The problem of classifying sounds as either normal or abnormal can be viewed as a standard supervised learning task, where a model is trained on samples of both sound types and learns to discriminate between them. However, in practice, a data set of abnormal sounds is generally not available because machine malfunctions do not occur frequently enough or for long enough duration to be properly recorded. Also, it would be impossible to create a data set representative of every type of anomaly, as a machine could malfunction for a diverse set of reasons.

Autoencoders are useful for anomaly detection tasks because they train solely on the normal samples. Autoencoder networks perform the unsupervised learning task of finding both a low-dimensional encoding of the input as well as a rule to accurately reconstruct the input from its low-dimensional representation. This forces the autoencoder to learn a process specifically for compressing and decompressing normal samples. The motivating principle is that when an abnormal sample is fed into the autoencoder, the reconstruction error will be much larger than expected from the training set because the signal compression and decompression scheme learned by the network is only expected to work well for normal samples. To make predictions on unseen samples, an error threshold is picked based off the expected distribution of reconstruction errors for normal samples, and any input with an error larger than the threshold is classified as an anomaly.

In this example, the autoencoder first passes the input through an encoding section of fully-connected layers using a number of nodes on the same order of magnitude as the input dimension. The data then feeds into a bottleneck layer with a number of nodes much smaller than the input size which forces the network to compress the input signal into the lower-dimensional representation. This compressed representation feeds into a decoding section that generally mirrors the same architecture as the encoder section in order to recreate the input signal. Lastly, the decoder output is passed into a final output layer with the same number of dimensions as the input. The network loss is taken as the regression error between the original input and the reconstructed signal.

Download Data

This example applies to the second task of the Detection and Classification of Acoustic Scenes and Events (DCASE) 2022 challenge [1]. The example uses a subset of the public data set from Sound Dataset for Malfunctioning Industrial Machine Investigation and Inspection [2] to train and evaluate the autoencoder. It implements ideas from the preprocessing steps and network designs of both the autoencoder baseline system in [1] and the proposed network in [2] and uses the performance metrics devised in [1] to analyze the testing results.

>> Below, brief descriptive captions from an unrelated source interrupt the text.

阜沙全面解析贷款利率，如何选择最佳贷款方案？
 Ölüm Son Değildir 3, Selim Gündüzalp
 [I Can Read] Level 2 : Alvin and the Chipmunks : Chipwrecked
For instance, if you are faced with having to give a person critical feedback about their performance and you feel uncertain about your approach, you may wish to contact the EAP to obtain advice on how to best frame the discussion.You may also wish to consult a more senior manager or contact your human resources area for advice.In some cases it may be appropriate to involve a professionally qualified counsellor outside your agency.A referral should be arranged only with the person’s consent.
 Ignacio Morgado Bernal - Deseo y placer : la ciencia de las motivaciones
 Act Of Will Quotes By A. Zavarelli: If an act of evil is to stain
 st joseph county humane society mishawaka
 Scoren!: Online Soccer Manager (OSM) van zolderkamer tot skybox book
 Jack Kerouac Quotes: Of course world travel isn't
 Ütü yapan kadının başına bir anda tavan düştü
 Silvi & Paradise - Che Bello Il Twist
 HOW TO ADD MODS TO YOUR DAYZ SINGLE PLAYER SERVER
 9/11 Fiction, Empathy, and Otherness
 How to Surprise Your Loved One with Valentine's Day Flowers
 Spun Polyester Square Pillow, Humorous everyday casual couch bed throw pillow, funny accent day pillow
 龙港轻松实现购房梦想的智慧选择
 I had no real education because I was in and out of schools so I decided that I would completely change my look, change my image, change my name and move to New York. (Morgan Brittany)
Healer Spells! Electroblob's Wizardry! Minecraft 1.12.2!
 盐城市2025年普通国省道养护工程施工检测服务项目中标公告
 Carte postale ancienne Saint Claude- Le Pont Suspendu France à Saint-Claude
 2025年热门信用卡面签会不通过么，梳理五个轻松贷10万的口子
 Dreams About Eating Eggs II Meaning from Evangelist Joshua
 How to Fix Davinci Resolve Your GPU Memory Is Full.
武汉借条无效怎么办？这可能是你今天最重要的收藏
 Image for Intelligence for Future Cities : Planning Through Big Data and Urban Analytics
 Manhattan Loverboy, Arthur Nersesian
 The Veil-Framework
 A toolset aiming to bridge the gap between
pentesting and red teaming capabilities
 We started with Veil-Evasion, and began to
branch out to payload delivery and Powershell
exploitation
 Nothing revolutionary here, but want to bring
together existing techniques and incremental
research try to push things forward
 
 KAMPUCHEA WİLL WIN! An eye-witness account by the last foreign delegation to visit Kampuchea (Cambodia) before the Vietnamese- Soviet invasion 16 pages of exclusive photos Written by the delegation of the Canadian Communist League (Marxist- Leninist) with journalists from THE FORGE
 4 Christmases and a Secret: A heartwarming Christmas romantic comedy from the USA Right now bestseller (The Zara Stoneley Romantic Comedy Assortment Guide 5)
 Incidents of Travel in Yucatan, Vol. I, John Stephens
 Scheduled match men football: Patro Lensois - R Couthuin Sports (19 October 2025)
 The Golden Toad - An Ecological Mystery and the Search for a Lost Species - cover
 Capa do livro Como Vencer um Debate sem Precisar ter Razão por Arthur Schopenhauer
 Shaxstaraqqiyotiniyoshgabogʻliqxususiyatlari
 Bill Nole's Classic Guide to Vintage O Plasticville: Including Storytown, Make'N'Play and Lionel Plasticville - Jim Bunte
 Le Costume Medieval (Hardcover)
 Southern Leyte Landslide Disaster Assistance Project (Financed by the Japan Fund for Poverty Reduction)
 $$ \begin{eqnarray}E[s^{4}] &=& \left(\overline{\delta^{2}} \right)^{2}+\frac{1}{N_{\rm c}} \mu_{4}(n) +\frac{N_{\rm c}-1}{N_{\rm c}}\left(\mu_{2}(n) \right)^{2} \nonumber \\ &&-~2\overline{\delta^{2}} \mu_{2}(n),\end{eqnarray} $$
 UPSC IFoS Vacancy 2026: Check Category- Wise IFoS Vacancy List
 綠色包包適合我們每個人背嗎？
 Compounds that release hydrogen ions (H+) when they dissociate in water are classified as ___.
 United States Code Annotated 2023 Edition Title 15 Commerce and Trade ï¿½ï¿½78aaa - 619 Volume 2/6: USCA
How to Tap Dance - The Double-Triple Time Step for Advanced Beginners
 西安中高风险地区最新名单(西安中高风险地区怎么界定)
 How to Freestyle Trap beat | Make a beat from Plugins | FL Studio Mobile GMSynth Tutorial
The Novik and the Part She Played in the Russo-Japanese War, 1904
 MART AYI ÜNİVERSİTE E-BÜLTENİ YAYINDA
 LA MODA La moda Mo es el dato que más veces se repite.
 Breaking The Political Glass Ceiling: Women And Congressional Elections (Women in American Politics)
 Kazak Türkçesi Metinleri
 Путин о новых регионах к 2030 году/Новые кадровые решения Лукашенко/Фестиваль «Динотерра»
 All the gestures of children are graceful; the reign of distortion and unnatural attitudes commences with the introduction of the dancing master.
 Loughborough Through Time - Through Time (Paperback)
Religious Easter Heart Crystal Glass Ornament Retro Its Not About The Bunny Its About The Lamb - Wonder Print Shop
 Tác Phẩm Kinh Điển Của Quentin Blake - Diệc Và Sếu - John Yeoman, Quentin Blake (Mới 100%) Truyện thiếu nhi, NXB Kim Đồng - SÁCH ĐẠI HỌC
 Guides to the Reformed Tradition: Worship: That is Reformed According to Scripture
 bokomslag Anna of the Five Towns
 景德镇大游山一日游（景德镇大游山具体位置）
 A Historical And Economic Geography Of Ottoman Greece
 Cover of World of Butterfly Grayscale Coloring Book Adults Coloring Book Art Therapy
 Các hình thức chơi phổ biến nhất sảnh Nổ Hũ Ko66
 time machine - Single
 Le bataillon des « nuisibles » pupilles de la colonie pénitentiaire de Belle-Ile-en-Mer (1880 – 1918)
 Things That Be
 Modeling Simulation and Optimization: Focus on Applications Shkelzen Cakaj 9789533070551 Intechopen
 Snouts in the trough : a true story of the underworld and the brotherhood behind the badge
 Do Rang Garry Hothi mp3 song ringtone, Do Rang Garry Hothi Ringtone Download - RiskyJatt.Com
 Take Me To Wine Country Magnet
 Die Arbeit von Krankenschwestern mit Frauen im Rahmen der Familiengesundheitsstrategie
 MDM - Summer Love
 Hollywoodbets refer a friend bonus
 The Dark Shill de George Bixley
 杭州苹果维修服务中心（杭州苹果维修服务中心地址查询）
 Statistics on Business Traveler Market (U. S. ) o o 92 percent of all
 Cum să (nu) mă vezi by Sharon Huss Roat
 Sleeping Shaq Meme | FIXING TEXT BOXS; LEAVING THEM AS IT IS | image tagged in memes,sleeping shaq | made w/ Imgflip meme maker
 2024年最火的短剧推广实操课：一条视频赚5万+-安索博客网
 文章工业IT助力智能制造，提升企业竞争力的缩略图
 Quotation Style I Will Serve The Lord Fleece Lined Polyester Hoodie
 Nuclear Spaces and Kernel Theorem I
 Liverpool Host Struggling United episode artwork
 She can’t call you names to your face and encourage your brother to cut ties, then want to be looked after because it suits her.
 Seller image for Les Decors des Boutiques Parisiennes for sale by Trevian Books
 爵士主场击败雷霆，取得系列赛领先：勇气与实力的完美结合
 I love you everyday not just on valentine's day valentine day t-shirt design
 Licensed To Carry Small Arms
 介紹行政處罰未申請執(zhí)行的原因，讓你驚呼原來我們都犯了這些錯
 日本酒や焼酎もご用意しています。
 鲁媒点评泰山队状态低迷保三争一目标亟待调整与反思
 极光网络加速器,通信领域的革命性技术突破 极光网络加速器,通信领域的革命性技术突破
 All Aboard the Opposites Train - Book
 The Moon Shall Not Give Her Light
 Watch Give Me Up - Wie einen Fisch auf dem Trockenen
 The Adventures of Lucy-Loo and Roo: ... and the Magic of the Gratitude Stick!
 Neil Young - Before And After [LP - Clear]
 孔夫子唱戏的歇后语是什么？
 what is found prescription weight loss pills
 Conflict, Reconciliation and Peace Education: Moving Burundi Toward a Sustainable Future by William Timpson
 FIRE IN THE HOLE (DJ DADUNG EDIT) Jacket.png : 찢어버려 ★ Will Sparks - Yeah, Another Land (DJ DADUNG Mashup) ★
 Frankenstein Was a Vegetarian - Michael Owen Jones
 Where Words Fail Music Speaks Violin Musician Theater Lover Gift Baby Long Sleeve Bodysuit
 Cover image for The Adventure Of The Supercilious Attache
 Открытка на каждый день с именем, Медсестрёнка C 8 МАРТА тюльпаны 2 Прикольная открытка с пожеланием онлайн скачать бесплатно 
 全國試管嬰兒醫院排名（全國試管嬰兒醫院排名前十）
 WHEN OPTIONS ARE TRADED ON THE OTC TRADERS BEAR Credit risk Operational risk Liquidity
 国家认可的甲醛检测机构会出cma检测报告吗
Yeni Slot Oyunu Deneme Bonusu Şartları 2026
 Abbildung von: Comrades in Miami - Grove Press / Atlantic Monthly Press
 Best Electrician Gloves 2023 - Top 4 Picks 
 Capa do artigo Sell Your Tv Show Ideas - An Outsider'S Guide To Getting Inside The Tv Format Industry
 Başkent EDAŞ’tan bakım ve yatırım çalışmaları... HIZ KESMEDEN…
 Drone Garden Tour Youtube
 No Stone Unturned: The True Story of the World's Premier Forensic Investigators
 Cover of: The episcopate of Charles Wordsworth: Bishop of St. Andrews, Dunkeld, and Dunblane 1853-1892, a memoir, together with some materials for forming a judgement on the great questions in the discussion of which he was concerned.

Download a subset of the data set in [2] that contains recorded audio files of 4 different fan types, labelled by ID number. There are both normal and abnormal recordings for each fan type. These files contain 1 channel sampled at 16 kHz and are 10 seconds long. The samples are recordings of operating fans with background noise with a signal to noise ratio of 6 dB. A full explanation of the data collection process is available in [2].

dataFolder = tempdir;
dataset = fullfile(dataFolder,"fan6db");
supportFileLoc = "mimii/mono/";
downloadFolder = matlab.internal.examples.downloadSupportFile("audio",supportFileLoc);

Investigate Data

To briefly examine the data set and the differences between the normal and abnormal recordings, select one recording of each type from the ID 00 fan data set and play the first two seconds over your speaker.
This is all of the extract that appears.